'''

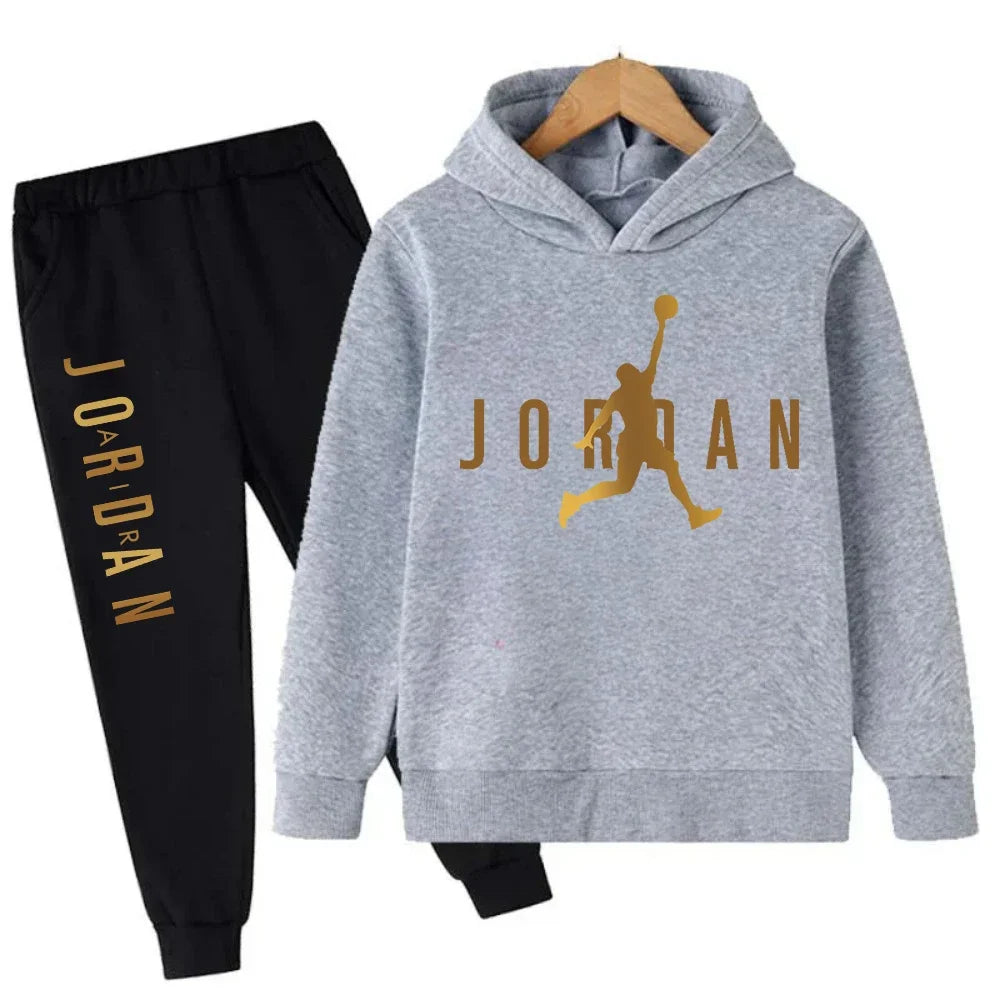 Warm Slam Dunk Master Pattern Printed Children Set, Hoodie+Pant Suit 2pcs Set.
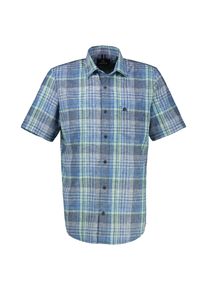 Lerros Herren Kurzarmhemd "Lerros Kariertes Herrenhemd in Großen Größen", blau, Gr. 5XL, 60% Polyester, 40% Baumwolle, Hemden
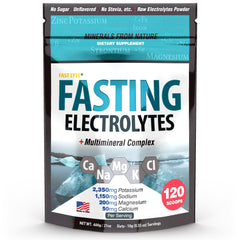 FAST LYTE bottle with label showcases a sugar free electrolyte option for fasting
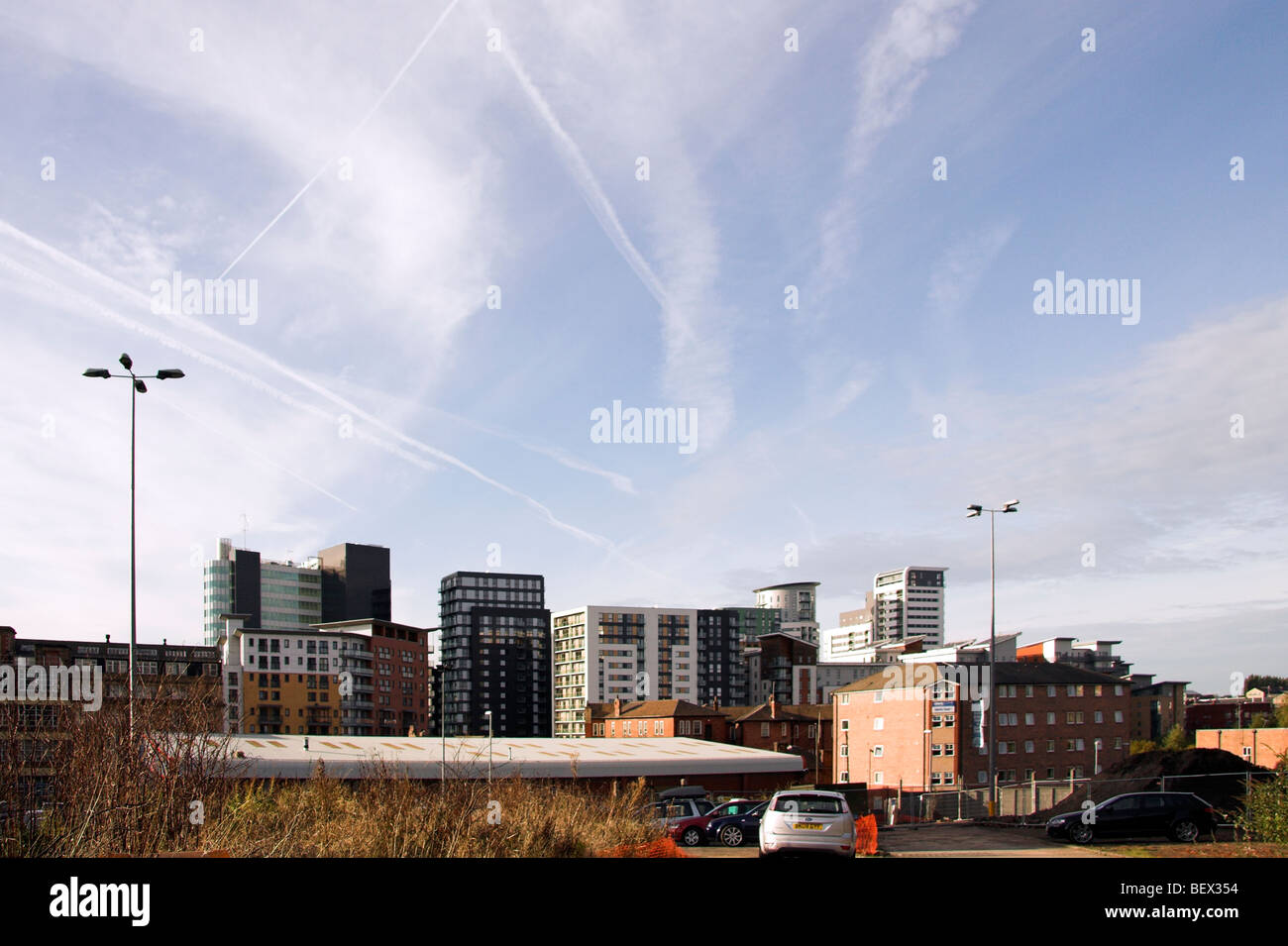Modern apartments, The Green Quarter, Manchester, England, UK Stock
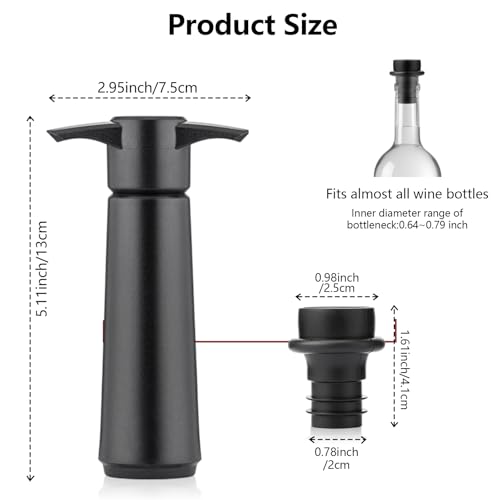 Kinoco Vacuum Wine Preserver Pump Kit with 6 Silicone Stoppers - Reusable Wine Saver Extends Freshness, Universal Bottle Seal for Red/White Wine - Cosy Home Interiors Kinoco Vacuum Wine Preserver Pump Kit with 6 Silicone Stoppers - Reusable Wine Saver Extends Freshness, Universal Bottle Seal for Red/White Wine - Image 2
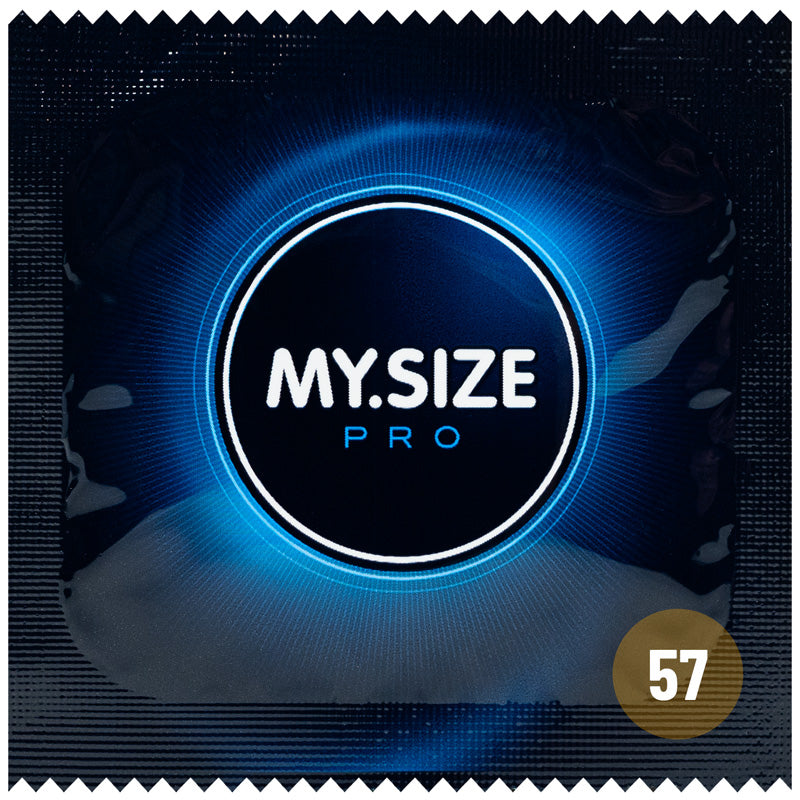 MY.SIZE PRO 57mm condoms in a box, showcasing their transparent design and packaging, ideal for a comfortable fit.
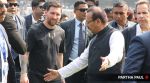Lionel Messi with West Bengal Sports Minister Aroop Biswas at Salt Lake Stadium during his G.O.A.T India Tour 2025, in Kolkata. (Express Photo/Partha Paul)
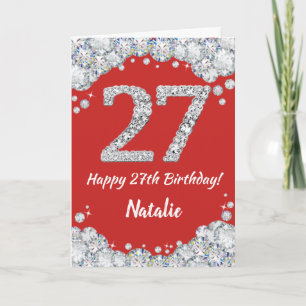 Happy 27. Geburtstagskarte Rot und Silber Glitzer Karte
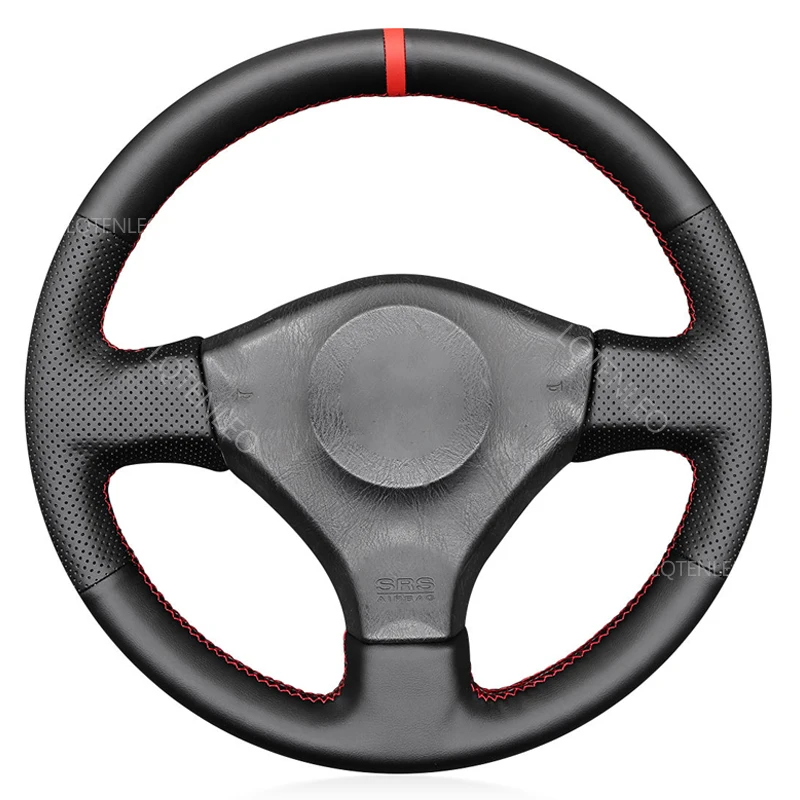 Фото Черный кожаный красный фонарь для Nissan 200SX S15 2001-2002 Silvia 1999-2000 Skyline R34 GTR чехол рулевого колеса автомобиля 1998-2002 №1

'''

* [Task statement] Having found the line with "FAST LYTE bottle" and the line with "Modern apartments, The" in the material above, write out exactly those two and every line between, leaving the pictures out.

* [Solved exercise]
 FAST LYTE bottle with label showcases a sugar free electrolyte option for fasting
Modern apartments, The Green Quarter, Manchester, England, UK Stock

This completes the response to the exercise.